Otra cosa

Ves una foto de un pequeño pueblo costero del sur de Italia, con sus casitas blancas salpicando aquí y allá los acantilados, con sus las playas de un azul insultante, y te gustaría estar allí, tumbado en la arena, tomando un cortado en esa terraza, recorriendo en moto ese camino serpenteante. El problema surge cuando estás allí y la postal desaparece porque, precisamente, estás allí; lo único que ves es cielo, mar, carretera u horizonte, los cuales, para qué engañarnos, son al fin y al cabo lo mismo. A nadie le importa la perspectiva que tiene lo fotografiado.

Lees un libro, escuchas una canción o ves una película donde el protagonista es un detective, un bohemio o un asesino a sueldo, y sueñas con ser como ellos, así que te pones a escribir, a componer o a rodar para meterte en su piel.

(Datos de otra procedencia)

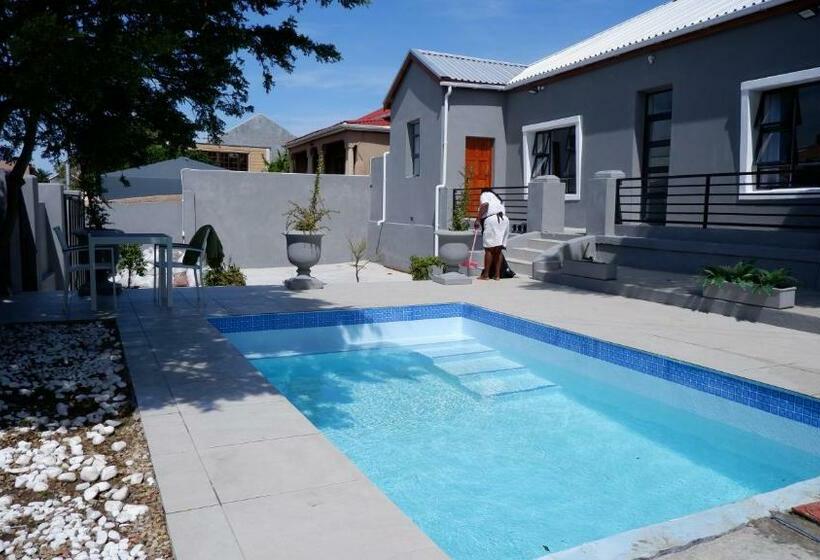 פנסיון 24 On York Guesthouse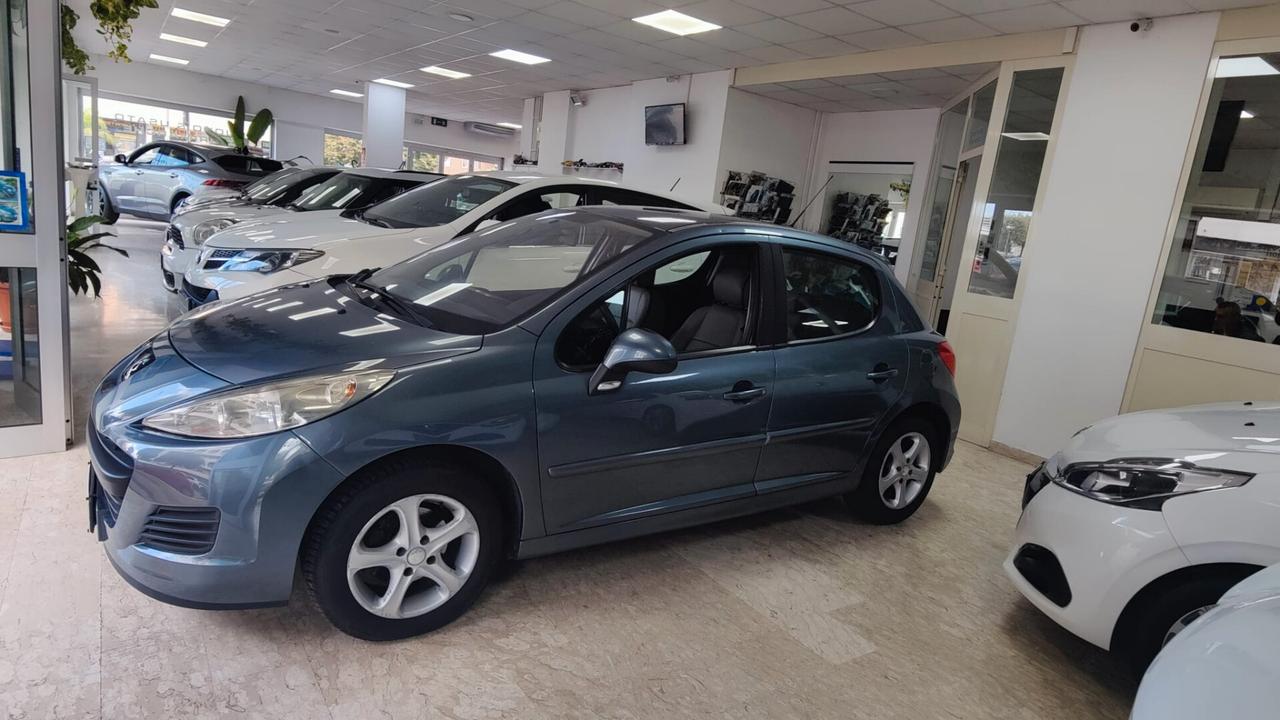 Peugeot 207 1.4 HDi 70CV 5p.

Para habitarlo. Para perseguir a la rubia, para beber bourbon en cabarets, para disparar con silenciador y llevar abrigo largo. Pero los tipos duros no hacen canciones, no escriben libros, no ruedan películas. Están a otra cosa. Están a otra cosa.

Ves a un tío por la calle que viste mejor que tú; no más elegante, ni con ropa más cara, simplemente viste mejor. Todo es orgánico en él, está más en consonancia con el sitio donde está, el día que es y lo que está haciendo. Tal abrigo heredado de su abuelo, impecable. La gorra de turno. Esas zapatillas que compró hace ocho años y aún tienen algo que decir. El ancho de los pantalones que va un año por delante de lo que será tendencia. No parece preocuparle la moda. Sólo se pone la ropa que tiene. Y si no la compra de segunda mano. No puede ser que la última persona preocupada por la moda en el planeta Tierra sea la que mejor vista, piensas; y sin embargo lo es. No se detecta en su rostro la angustia de quien ha tomado decisiones. No. Visitó siempre así, intuyes. Entonces te pones las pilas. Y empiezas por el tejado, tratando de renovar tus paraguas (prestados de tu madre, algunos claramente de chica o de niño comprados apresuradamente en el chino) y te vienes abajo. A ese tío las cosas le vinieron de cara, concluyes. Pero sabes que no es verdad.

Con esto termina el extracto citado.